V. The punitive damage award must be reversed and any new trial on this issue requires retrial of all issues.

VI. The award of attorney fees should be reversed or at least limited.

DISCUSSION
I. Basis for Tort Damages

The "particular risk presented by the insured's experience or insurance history" is one of the factors that an insurer is permitted to consider in setting premiums for its insureds. (P.W. Stephens, Inc. v. State Compensation Ins. Fund (1994) 21 Cal.App.4th 1833, 1836, 27 Cal.Rptr.2d 107.) In the instant case, SCIF employed what it termed the "maximum probable potential" standard to workers' compensation claims against Notrica when setting aside amounts as reserves for Notrica cases. "The 'maximum probable potential' standard means that the adjuster reserves for the absolute most SCIF may have to pay without any exercise of discretion or judgment as to the realistic value of each claim.... [T]he greater the claim reserves, the greater the insured's loss history, which in large part determines the insured's experience modification factor--which in turn is used by SCIF to calculate the insured's premium. Claim reserves also impact whether an insured receives a dividend or not." (MacGregor Yacht Corp. v. State Comp. Ins. Fund (1998) 63 Cal.App.4th 448, 457, 74 Cal.Rptr.2d 473, review den. July 29, 1998.) By implication, the jury in the instant case found SCIF had failed to estimate reasonable claim reserve levels, resulting in Notrica paying higher premiums and receiving lower dividends.

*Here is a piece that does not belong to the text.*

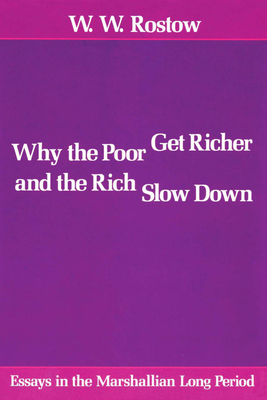 Why the Poor Get Richer and the Rich Slow Down:... 0292729634 Book Cover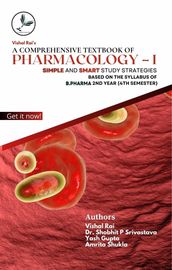 A Comprehensive Textbook of PHARMACOLOGY I Simple and Smart Study strategies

SCIF first contends that an impact on future premiums is not a sufficient basis in and of itself to support the tort damage award for breach of the implied covenant of good faith and fair dealing. 3 SCIF notes that the goal of the state workers' compensation system is to maintain sufficient reserves to compensate injured workers under its policy of liberal construction to provide maximum benefits to the injured employee, and that insurers must set reserves in the amount for which, in the language of Insurance Code section 923.5, the insurer "may be liable." 4

We first address SCIF's argument that permitting tort recovery based solely on the fact that its practices impacted Notrica's future premiums is error. SCIF claims that such policy creates an irreconcilable conflict of interest for the carrier vis-a-vis its insured employer and the claimant employee. 5 SCIF...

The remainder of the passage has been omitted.